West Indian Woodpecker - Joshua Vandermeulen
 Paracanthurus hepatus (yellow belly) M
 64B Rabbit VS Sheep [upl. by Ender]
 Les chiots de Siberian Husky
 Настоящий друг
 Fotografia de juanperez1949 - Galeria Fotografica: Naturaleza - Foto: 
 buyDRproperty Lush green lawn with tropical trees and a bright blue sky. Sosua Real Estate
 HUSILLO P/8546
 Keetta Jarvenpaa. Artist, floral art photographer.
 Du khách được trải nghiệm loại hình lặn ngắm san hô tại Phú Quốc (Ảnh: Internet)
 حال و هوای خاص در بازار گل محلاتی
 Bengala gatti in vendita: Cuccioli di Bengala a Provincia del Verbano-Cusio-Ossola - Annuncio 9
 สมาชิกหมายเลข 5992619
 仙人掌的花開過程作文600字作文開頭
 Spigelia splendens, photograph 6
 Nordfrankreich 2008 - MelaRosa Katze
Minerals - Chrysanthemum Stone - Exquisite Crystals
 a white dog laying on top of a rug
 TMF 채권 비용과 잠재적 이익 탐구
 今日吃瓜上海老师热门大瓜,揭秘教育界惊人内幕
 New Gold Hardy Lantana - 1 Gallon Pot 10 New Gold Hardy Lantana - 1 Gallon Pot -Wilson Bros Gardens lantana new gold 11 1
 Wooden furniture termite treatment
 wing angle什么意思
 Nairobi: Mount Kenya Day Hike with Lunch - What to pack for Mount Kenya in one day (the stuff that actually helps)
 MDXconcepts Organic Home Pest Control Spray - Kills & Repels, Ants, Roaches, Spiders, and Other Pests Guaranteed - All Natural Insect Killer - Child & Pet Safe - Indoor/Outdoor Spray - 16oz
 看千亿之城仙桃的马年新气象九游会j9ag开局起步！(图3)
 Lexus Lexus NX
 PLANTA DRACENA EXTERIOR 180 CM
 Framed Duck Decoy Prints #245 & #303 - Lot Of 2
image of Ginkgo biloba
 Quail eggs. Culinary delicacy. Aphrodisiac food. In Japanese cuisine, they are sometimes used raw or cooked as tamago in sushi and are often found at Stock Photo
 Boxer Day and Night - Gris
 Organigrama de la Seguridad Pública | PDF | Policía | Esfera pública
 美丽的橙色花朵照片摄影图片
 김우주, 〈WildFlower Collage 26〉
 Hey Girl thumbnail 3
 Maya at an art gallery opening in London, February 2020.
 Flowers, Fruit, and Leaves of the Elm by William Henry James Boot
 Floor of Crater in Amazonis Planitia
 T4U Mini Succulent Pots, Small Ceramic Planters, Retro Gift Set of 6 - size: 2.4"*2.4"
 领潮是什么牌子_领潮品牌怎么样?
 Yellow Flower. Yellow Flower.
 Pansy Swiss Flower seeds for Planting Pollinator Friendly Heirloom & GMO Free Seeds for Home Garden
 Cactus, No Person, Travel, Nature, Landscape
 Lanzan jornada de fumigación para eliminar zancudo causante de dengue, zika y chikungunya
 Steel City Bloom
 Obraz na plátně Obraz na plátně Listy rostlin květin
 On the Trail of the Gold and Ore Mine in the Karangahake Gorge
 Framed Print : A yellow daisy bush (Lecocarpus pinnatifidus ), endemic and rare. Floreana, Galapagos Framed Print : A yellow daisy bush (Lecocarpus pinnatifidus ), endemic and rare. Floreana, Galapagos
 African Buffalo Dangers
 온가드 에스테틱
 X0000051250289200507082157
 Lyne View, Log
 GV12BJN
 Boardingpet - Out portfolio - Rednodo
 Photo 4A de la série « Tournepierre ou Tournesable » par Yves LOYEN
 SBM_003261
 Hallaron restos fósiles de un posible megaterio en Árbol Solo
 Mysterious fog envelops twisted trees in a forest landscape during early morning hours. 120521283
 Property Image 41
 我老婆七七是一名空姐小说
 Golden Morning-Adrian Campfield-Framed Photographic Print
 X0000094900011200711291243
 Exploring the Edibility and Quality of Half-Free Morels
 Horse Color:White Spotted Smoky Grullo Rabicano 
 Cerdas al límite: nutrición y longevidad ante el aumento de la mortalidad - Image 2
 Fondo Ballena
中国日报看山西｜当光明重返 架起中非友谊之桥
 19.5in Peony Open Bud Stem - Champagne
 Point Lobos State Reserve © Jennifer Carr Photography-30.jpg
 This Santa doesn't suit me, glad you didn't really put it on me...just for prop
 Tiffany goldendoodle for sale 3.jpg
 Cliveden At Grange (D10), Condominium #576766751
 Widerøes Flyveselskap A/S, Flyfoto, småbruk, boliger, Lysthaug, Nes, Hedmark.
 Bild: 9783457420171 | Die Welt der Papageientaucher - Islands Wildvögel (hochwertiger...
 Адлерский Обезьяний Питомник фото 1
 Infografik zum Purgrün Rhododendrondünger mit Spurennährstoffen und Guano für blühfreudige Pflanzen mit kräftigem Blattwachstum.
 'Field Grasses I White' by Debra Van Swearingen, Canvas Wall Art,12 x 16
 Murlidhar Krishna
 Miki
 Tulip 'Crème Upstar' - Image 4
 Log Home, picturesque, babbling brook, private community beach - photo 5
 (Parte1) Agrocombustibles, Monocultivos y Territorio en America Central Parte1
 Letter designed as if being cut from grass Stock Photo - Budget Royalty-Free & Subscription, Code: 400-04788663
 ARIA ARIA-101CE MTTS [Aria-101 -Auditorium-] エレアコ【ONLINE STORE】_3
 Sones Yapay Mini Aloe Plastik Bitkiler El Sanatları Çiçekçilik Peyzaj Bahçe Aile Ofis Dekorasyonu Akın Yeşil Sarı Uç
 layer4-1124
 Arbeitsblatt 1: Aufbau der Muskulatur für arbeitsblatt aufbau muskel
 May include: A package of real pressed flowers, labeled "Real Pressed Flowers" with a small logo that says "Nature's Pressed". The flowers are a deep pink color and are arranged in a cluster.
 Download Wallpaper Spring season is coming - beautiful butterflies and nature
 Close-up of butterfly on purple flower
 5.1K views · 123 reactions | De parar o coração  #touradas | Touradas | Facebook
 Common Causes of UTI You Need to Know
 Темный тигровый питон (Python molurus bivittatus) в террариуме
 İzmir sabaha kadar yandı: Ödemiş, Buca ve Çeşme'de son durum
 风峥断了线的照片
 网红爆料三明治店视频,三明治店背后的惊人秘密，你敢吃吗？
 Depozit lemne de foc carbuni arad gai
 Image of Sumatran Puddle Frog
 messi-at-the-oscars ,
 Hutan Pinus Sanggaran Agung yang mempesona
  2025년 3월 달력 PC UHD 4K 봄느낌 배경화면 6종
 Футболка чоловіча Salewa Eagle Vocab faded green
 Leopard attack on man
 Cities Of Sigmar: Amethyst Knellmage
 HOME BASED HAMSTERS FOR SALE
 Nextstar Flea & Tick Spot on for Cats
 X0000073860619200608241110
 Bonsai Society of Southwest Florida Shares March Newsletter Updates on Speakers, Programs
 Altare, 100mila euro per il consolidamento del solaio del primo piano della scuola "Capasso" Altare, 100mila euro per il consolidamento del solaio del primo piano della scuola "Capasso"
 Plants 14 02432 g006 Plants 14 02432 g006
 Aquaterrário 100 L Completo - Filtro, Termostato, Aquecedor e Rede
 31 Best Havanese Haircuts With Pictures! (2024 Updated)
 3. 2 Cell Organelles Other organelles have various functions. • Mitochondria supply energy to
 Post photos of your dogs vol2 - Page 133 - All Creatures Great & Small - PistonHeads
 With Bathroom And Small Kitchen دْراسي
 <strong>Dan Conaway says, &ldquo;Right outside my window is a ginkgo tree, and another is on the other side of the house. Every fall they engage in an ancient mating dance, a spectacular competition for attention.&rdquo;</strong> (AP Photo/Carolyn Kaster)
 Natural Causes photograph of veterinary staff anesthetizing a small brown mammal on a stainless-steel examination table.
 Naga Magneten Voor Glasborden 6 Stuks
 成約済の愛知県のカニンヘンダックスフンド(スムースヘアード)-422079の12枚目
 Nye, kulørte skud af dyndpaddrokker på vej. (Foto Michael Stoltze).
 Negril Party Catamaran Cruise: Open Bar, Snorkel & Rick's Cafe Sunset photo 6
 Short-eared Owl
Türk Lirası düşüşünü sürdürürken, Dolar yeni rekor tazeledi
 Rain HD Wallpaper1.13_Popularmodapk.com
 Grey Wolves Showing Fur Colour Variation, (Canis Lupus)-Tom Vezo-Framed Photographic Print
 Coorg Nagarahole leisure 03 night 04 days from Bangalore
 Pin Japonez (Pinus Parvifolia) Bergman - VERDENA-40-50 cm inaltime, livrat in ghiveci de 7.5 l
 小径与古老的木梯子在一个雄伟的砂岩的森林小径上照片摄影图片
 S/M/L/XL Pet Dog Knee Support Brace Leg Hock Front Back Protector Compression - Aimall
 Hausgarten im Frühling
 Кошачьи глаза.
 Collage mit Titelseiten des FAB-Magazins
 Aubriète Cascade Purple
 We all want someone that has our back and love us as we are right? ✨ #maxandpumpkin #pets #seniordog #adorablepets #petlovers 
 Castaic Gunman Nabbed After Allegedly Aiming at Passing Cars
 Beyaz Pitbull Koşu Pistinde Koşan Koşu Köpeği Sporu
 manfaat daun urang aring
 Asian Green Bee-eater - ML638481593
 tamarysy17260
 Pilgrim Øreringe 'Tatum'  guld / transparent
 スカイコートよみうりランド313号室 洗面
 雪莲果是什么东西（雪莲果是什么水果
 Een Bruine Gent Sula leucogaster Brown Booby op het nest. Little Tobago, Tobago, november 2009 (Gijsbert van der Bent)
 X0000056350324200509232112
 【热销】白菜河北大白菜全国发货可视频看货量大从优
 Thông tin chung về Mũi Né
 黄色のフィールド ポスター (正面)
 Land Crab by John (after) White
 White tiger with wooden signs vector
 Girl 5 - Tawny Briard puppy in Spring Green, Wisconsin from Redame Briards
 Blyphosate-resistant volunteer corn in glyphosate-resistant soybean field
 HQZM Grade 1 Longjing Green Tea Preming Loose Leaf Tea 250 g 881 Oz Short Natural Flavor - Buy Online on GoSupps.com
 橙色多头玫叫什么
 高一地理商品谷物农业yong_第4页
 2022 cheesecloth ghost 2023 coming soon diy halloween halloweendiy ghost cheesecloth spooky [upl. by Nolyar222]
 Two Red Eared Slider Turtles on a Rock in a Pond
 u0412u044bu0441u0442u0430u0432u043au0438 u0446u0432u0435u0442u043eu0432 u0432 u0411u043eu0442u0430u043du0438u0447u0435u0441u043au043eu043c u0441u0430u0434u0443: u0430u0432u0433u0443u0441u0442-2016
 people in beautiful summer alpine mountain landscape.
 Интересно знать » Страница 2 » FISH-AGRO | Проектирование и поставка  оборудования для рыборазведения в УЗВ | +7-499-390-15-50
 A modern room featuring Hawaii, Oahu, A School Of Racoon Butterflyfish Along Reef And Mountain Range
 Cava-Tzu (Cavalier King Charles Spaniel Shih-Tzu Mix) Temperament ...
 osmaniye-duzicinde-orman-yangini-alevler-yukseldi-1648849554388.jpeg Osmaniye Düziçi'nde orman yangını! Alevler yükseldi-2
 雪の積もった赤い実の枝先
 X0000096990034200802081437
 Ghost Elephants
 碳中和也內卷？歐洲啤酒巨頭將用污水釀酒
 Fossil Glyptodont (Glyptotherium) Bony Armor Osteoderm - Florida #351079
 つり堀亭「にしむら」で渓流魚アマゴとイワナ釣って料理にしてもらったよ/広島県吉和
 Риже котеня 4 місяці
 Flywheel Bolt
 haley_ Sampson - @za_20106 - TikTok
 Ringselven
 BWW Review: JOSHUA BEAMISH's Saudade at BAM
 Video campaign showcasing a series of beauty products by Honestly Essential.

» EXERCISE OBJECTIVE:
The required answer is a single number: how many lines above hold the string "beautiful".

» PROBLEM SOLUTION:
2